Covariance Dictionary Definitions

The term covariance is not part of the dictionary prepared by the Royal Spanish Academy (RAE). The concept, however, is used in the field of statistics and probability to name the value that reflects the degree of joint variation that is recorded in two random variables, taking their means as a measure.

According to, the covariance, therefore, allows us to discover if the variables maintain a dependency link. The data also contributes to knowing other parameters.

It is known by the name of random variable to a function that assigns a value to the result of a random experiment, usually of a numerical type. A random experiment, on the other hand, is one that can yield different results even if it is performed more than once under the same conditions, so that each experience becomes impossible to predict and therefore impossible to reproduce.

A very common example of a random experiment, which we can try in our daily lives, is the throwing of a die: even if it is thrown on the same surface, with the same hand or cup, and applying more or less the same force and direction, it does not it is possible to predict which of its faces will be pointing up.

If the low values of one variable correspond to the low values of another variable, or if the same occurs with the high values of both, the covariance has a positive value and is qualified as direct. On the other hand, if the low values of one variable correspond to the highest values ​​of another variable and vice versa, the covariance is negative and is defined as inverse. The existing trend in the linear relationship established between the variables, in this way, is expressed by the sign of the covariance.

There are different formulas to calculate the covariance. It can be said that the covariance is the arithmetic mean that arises from the product of the deviations of the variables with respect to their own means.

Suppose the variables are the results of the History and Geography assessments of five students:

History (P) grades for all five students: 6, 5, 7, 7, 4 (total = 29)
Geography (S) grades for all five students: 7, 3, 4, 3, 5 (total = 22)

Then you have to tabulate, multiplying the results of the evaluations of each student:

P x S: 42 (since 6 x 7 = 42), 15 (5 x 3), 28 (7 x 4), 21 (7 x 3), 20 (4 x 5). Total of the sum of the results = 126)

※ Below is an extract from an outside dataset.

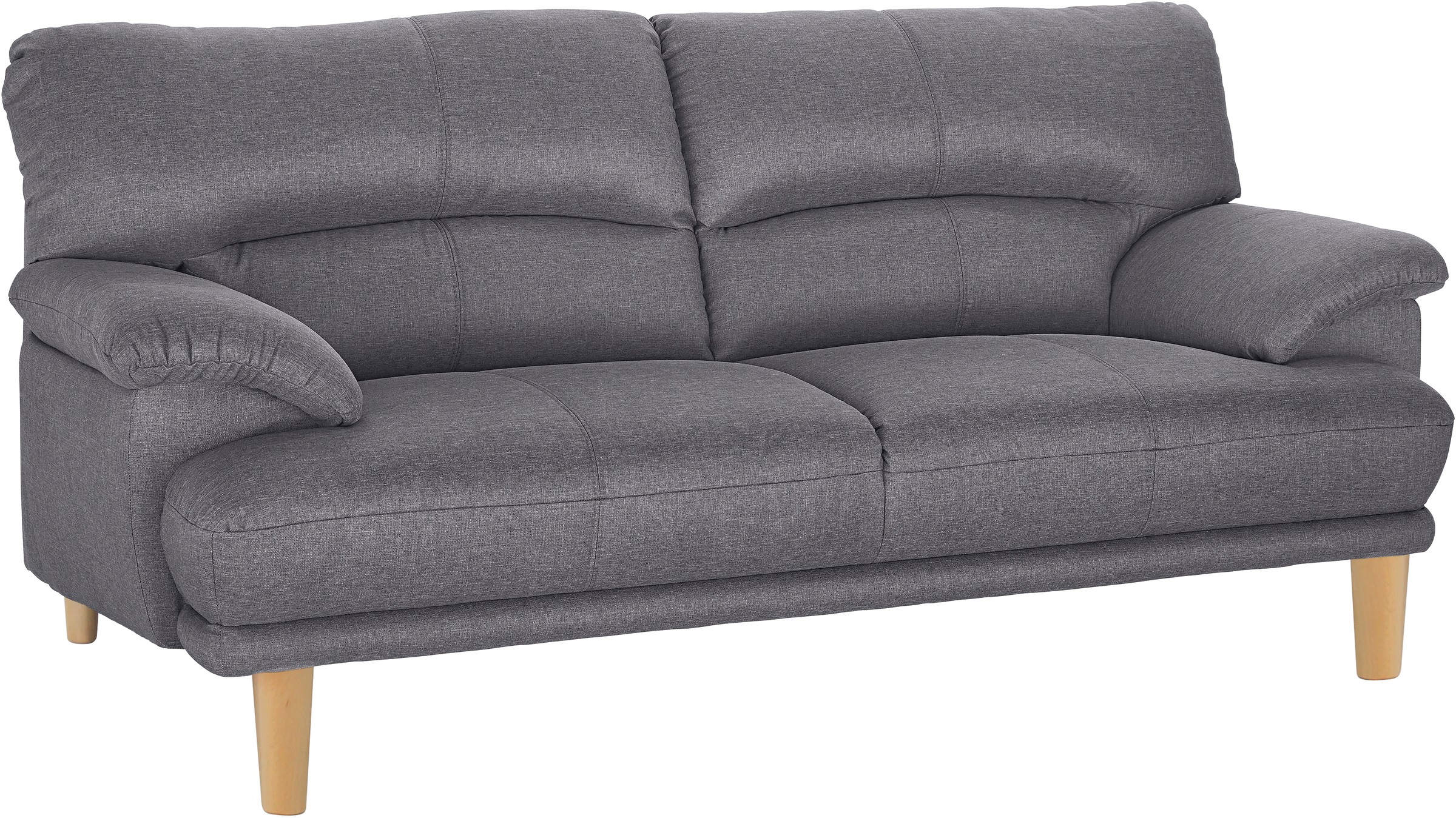 TRENDMANUFAKTUR 3-Sitzer »Cecilia, Sofa in italienischem Design«, mit tolle günstig online kaufen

The mean of P: 29 / 5 = 5.8
The mean of S: 22 / 5 = 4.4


PS Covariance: (126 / 5) – 5.8 x 4.4
PS Covariance: 25.2 – 5.8 x 4.4
PS Covariance: 25.2 – 25.52
PS Covariance: -0.32

In addition to knowing whether two given random variables have a relationship of dependence on each other, the covariance is used for the estimation of parameters such as the regression line and the linear correlation coefficient.

The regression line is also known as linear fit or linear regression, and is a concept belonging to the field of statistics that comprises a mathematical model used to approximate the dependence that exists between a group of variables and a random term.

The linear correlation coefficient, on the other hand, is an indicator of the direction and strength of a linear relationship (in mathematics, that is if the value of one quantity depends on the value of another) and proportionality (a ratio or constant relationship that occurs between magnitudes that can be measured) between two statistical variables (they are characteristics that can fluctuate, with values ​​that can be observed and measured).

It is important to differentiate the following two types of covariance: the one that occurs between two random variables, which is considered a property of the joint distribution, that is, of the events of both that occur simultaneously; the sample, which is used as a statistical estimate of the parameter.